ELENA MARQUÉS | Madrid. Año dos mil y pico. Era la primera vez que acudía a la Feria del Libro a firmar, aunque cabía la posibilidad de que pasara la hora asistiendo al zascandileo de la gente entre las casetas sin desenvainar el bolígrafo. Antes de someterme a tamaña humillación, por la mañana me dediqué a vagar por el Retiro con un colega. Bromeamos sobre esos autores que precisaban guardia de seguridad y vallas para delimitar la cola de admiradores. George R. R. Martin era uno de ellos. (Pero quién soy yo para juzgar a nadie.) En un momento dado hice incluso el gesto de cargar con varios de aquellos armatostes de metal para construirme un chiringuito parecido.

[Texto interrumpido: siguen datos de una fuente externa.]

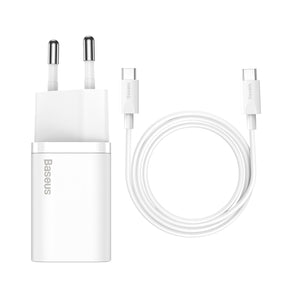 Baseus Super Si Sets | Ładowarka sieciowa + kabel USB-C Type-C 25W Quick Charge 3.0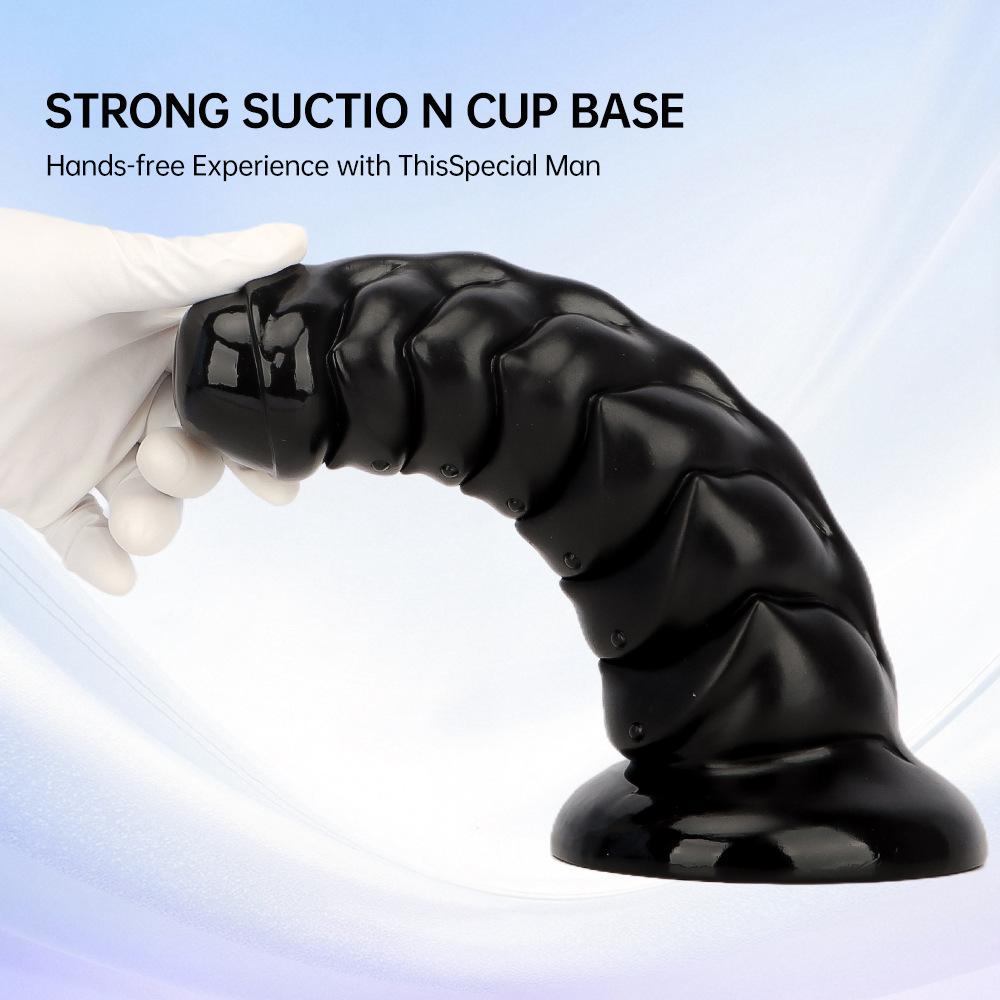 Giant PVC Anal Plug with Suction Cup Large Size Spiral Butt Plug Beads Anus Expander Masturbator Sex Toy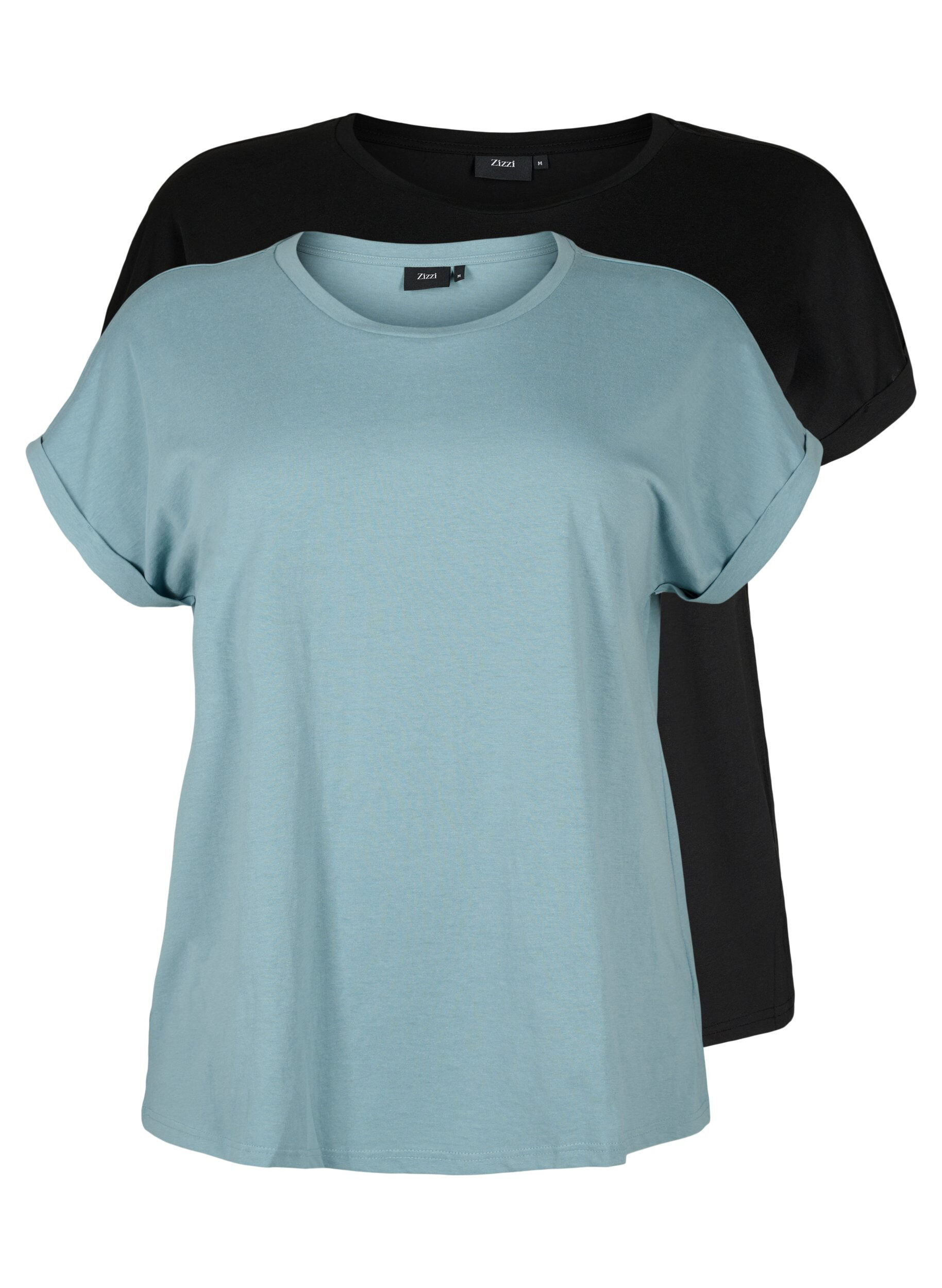 Zizzi2-pack T-shirts met korte mouwen, Blauw, Packshot image number 0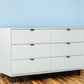 51" White Manufactured Wood Six Drawer Double Dresser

Cuando ya estábamos por irnos, ávidos de cerveza y deseosos de dejar nuestras muchas y alocadas adquisiciones en lugar seguro, vislumbré en un stand, moderadamente tapado por dos o tres lectores, a José Luis Garci. Como en casa, citando a Rappel, somos bastante «cinéfalos», me puse en la cola para comprar Las 7 maravillas del cine; un libro en el que, entre otras cosas, además de razonarnos con una prosa estupenda su elección (a ver quién dice que no a Casablanca, Perdición o El hombre que mató a Liberty Valance), entrevista a un amplio número de personajes con el deseo de conocer sus películas favoritas y elabora un puñado de listas con las siete prendas de vestir más famosas de la gran pantalla, las siete películas que influyeron en la moda, las mejores obras de tema navideño y un largo etcétera de enumeraciones e inventarios.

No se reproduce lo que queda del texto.